As used herein, including the appended claims, the singular forms of words include their respective references to the plural forms unless the context clearly requires otherwise.

The term or is used to mean and is used interchangeably with the term and/or unless the context clearly dictates otherwise.

In this specification and in the following claims, unless the context otherwise requires, the word contain and variants such as contains and containing are to be understood to mean the inclusion of the specified amino acid sequence, DNA sequence, step or group thereof, but not the exclusion of any other amino acid sequence, DNA sequence, stage. When used herein, the term containing may be replaced by the term containing, including, or sometimes having.

The term Tigit includes various mammalian isoforms, for example, human Tigit, orthologs of human Tigit, and analogues containing at least one epitope within Tigit. The amino acid sequence of Tigit, for example human Tigit, and the nucleotide sequence encoding it are known in the art.
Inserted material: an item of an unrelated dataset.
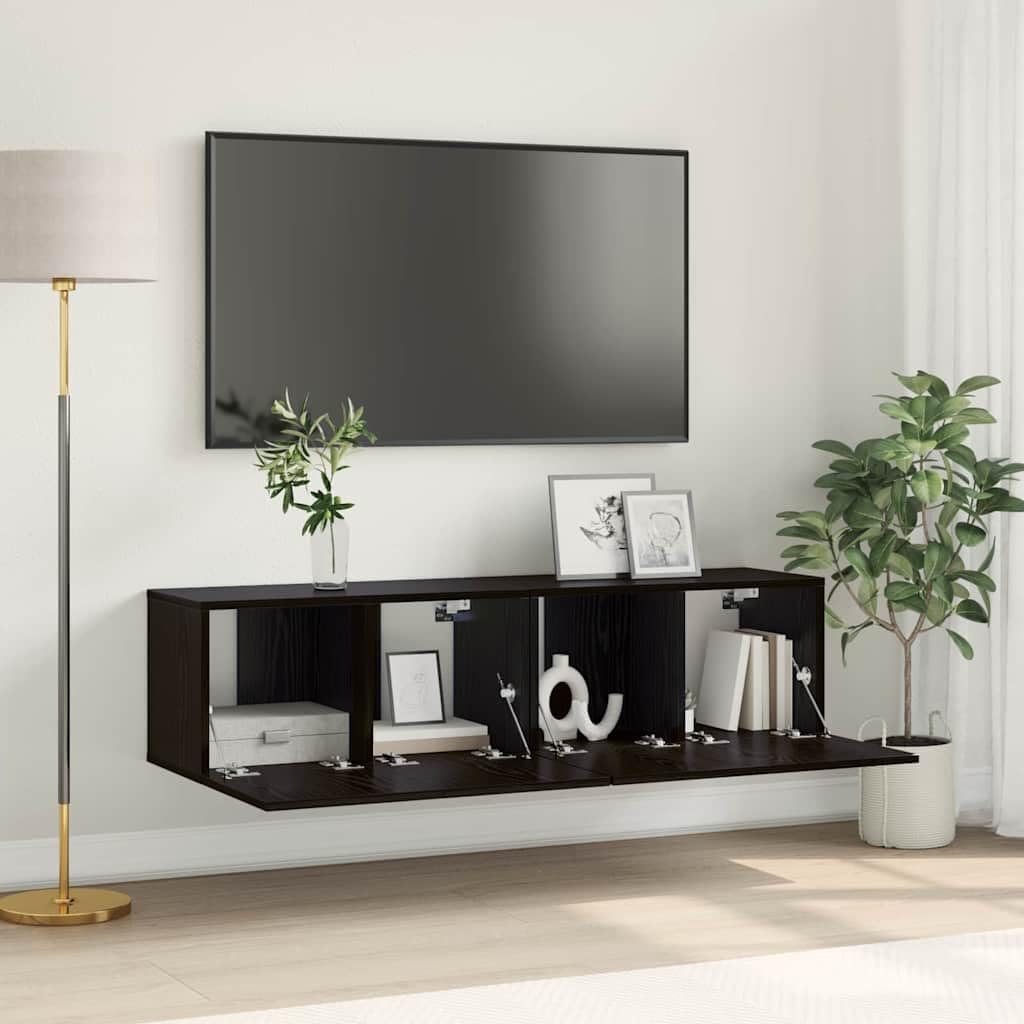 Meuble TV suspendu avec rangement fermé - Lot de 2 buffets bas en bois noir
The terms administration, treatment and treatment as used herein, when applied to an animal, human, experimental subject, cell, tissue, organ or biological fluid, mean contact of an exogenous pharmaceutical, therapeutic, diagnostic agent or composition with the animal, human, subject, cell, tissue, organ or biological fluid. Treatment of a cell involves contact of the reagent with the cell, as well as contact of the reagent with the liquid, where the liquid contacts the cell. The term administration or treatment also includes in vitro and ex vivo treatment of, for example, a cell with a reagent, diagnostic agent, binding compound, or other cell. The term subject as used herein refers to any organism, preferably an animal, more preferably a mammal (eg, rat, mouse, dog, cat, rabbit), and most preferably human.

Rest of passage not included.